Failure is admittedly also difficult for me because I’m such a perfectionist. I’ve been working on “failing” and forgiving myself lately.
I felt a lot of failure this weekend when I didn’t stick to my new vegan diet. I had been so good for about two weeks only to blow it on Saturday and Sunday.
We had a game night at our house on Saturday night, and everyone brought a little something. My husband was sweet enough to buy me some ($10!!!) vegan cheese from the supermarket, and it was delicious. He made a regular cheese plate for everyone else, but that isn’t what tempted me and I didn’t touch it. My friend brought a cream cheese taco dip type thing, and I felt badly about the fact nobody was eating it, so I had some. I know this isn’t such a big deal in the grand scheme of things, but as I said before, I’m a perfectionist and don’t handle failure very well.

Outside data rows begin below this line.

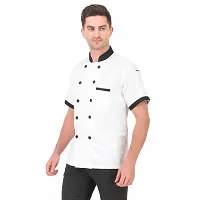 Kodenipr Club Mens Womens Double Breasted White Chef Coat Black Collar, Half Sleeves, Poly/Cotton, Size-thumb4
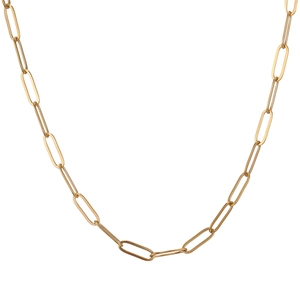 Minimalist 18K gold-plated stainless steel paperclip chain necklace on a white background
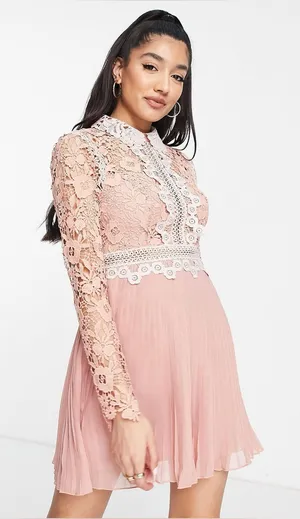 ASOS DESIGN nwt size 6 lace mini dress with collar detail and pleated skirt thumbnail 1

On Sunday, we went snowshoeing for a few hours and then decided to go to a local brewery for food and beer afterward. I caved there too when I ordered a veggie sandwich with cheese. I was so hungry from our strenuous activity that I didn’t even stop to think about it. And it almost felt like, well, I already screwed this up so I might as well go for gold.
But I think the all or nothing mindset is one I’ve always had when trying to go strict vegetarian (or make other big lifestyle changes), and it usually backfires in one way or another. If I mess up once, it isn’t worth it anymore. That is obviously a destructive mindset that does little to motivate one to endure adversity. It can also bring down your self worth, which isn’t great, either.

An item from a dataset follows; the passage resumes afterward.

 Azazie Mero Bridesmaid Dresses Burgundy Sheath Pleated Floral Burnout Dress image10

So, instead of beating myself up about it, I pulled myself up by my bootstraps and started fresh yesterday. And it wasn’t hard because on the drive home, I passed two livestock trucks carrying pigs, and as I looked over and saw their eyes peering out at me in despair from the darkness, I remembered why I’m doing what I’m doing and why it’s so important.
To keep me from straying, I packed a delicious yet frugal lunch/snacks–cashews (the best!!!), pasta w/marinara, artichokes, and white beans (aka I’m poor right now and can’t spend a ton on groceries), and veggies w/guac.
I also had a great dinner of a Dr. Praeger burger topped with So Delicious shreds, frozen mixed veg, and a yummy salad with Sprouts Lemon Tahini dressing.
Something else really awesome today–I got my copy of The Homemade Vegan Pantry! I am so excited to use it to make staples so I don’t have to buy so many vegan foods in wasteful plastic packaging. I can’t wait to start experimenting with it.
And although I’m a bit late, I’d like to acknowledge MLK for being someone who inspired me to care so much about animal rights. I’ve always respect MLK for his stance and activism on human rights, of course, but I’m always impressed at how progressive his stance on animals rights was at the time. Right now, some quotes of his I’m keeping in mind are: “The time is always right to do what’s right” and “Life’s most persistent and urgent question is, ‘what are you doing for others?'”
I am concerned about animal rights not only because I love and care about animals and the environment upon which our meat and dairy addiction is wreaking havoc, I also care about the people who are forced to work in slaughterhouses and are being exploited by a cruel and inhumane system. These people are often immigrants, paid poorly for soul-crushing and dangerous work, and don’t always have another choice when trying to feed and clothe their families.
I don’t know what it’s like to be in their shoes–I have never been so desperate I’d take any job to support myself. I’ve never been hungry or jobless. I have never had to run from a dangerous situation and immerse myself in a culture completely foreign to me.
And I think it’s really easy for animal rights activists to have zero compassion for those who do work in slaughterhouses or on dairy farms, but I think we must acknowledge a corrupt and unequal socioeconomic system before we chastise those who find work there. If we don’t have compassion and forgiveness for all, we will never make the changes we so wish to see.
I can only imagine a world where there is kindness and equality toward everyone including animals. So, instead of judging those who contribute to the needless suffering of animals, I will do my best to contribute to the goodness of the world by doing what I can and making small changes that will hopefully impact someone, somewhere.